Le miró a los ojos; la luz del sol se reflejaba en sus brillantes cabellos.

– No sé si le importará mi versión de los hechos.

– Quizá no, pero no lo sabrás hasta que hables con ella. -Desplegó los brazos y le puso una manaza en un hombro-. Si una cosa sé es que es mejor hacer frente a los acontecimientos. Se puede superar cualquier cosa si sabes a lo que te enfrentas.
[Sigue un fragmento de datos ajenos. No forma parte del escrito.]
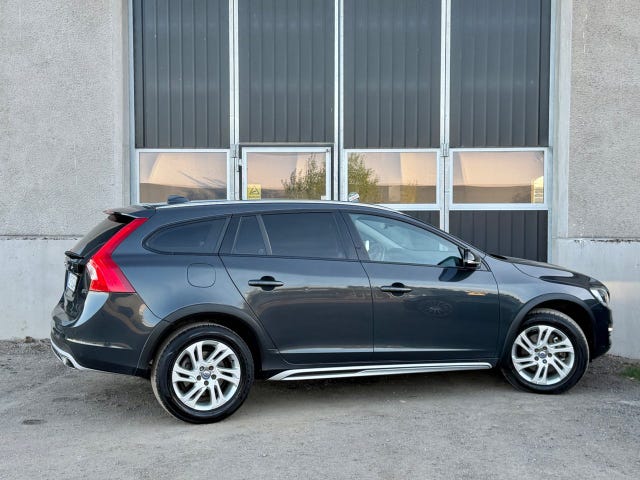 Volvo V60 Cross Country 2017 – bild 4
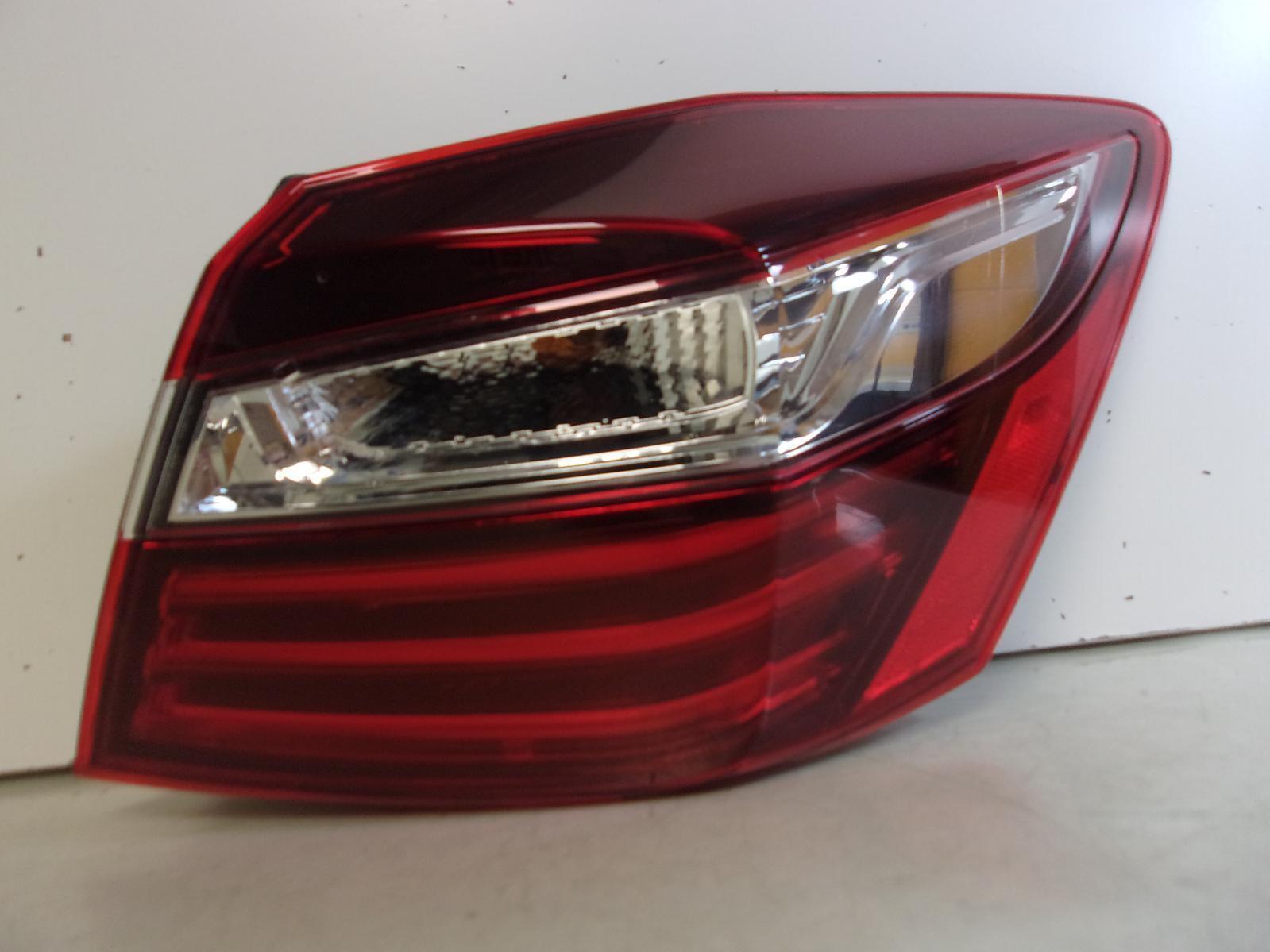 2016 2017 Honda Accord Sedan Passenger Rh Quarter Panel Tail Light OEM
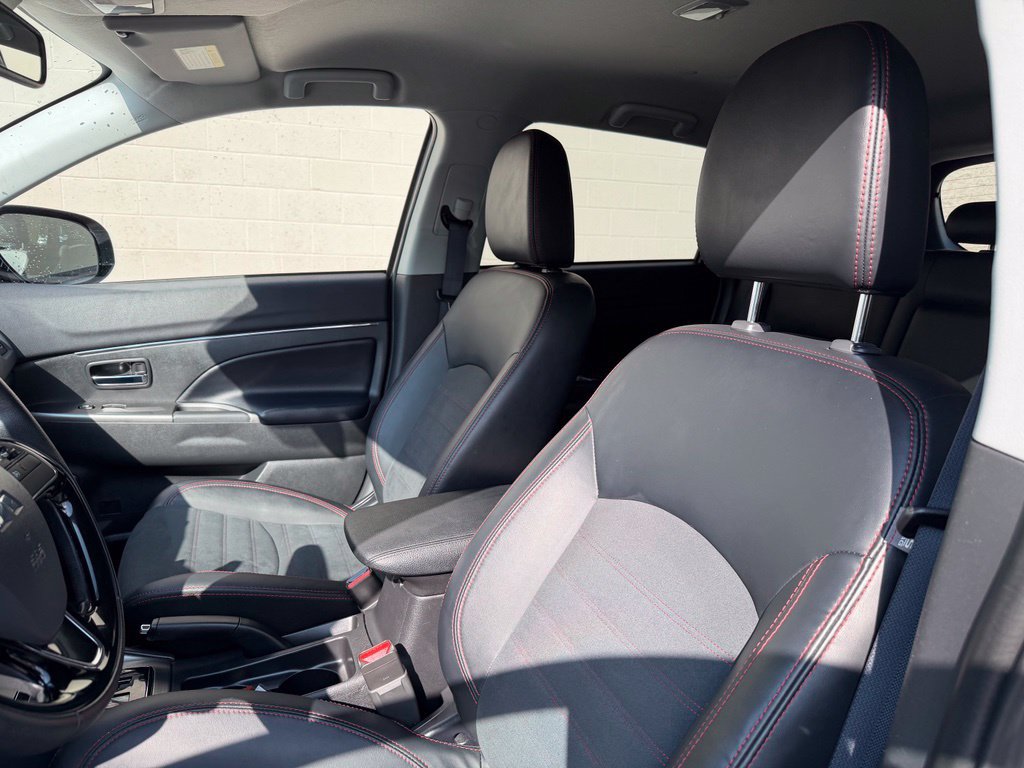 Used 2025 Mitsubishi Outlander Sport SE AWD/4WD image 21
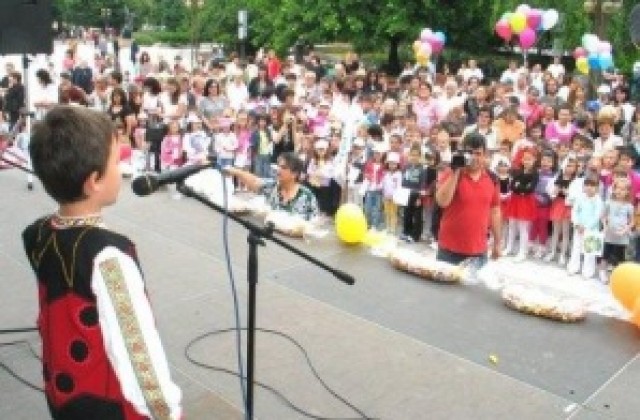 300 малчугани в Силистра рецитират „Аз съм българче”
Estaba segura de que era cierto, y sin duda muy buen consejo, pero Meg no podía pensar desde que había notado el peso de su mano en el hombro. La sensación de firmeza y aquel contacto cálido se propagaron por su estómago. No había sentido semejante calidez por parte de un hombre desde que su ex marido la dejó. Los hombres de la ciudad hablaban y flirteaban con ella, pero nunca parecían querer más que les rellenara la taza de café.

Steve le cogió una mano.

– Me he estado preguntando algo desde que llegué a la ciudad.

– ¿Qué?

Ladeó la cabeza y la observó.

– ¿Por qué no tienes novio?

– Creo que los hombres de esta ciudad me temen un poco.

Steve bajó las cejas y luego estalló en carcajadas. Una risa profunda y atronadora que le iluminó la cara.

– No tiene gracia -dijo, pero en aquel momento, envuelta por la risa de Steve Castle, sí la tenía. Y estar tan cerca, con la mano en la suya, era… agradable.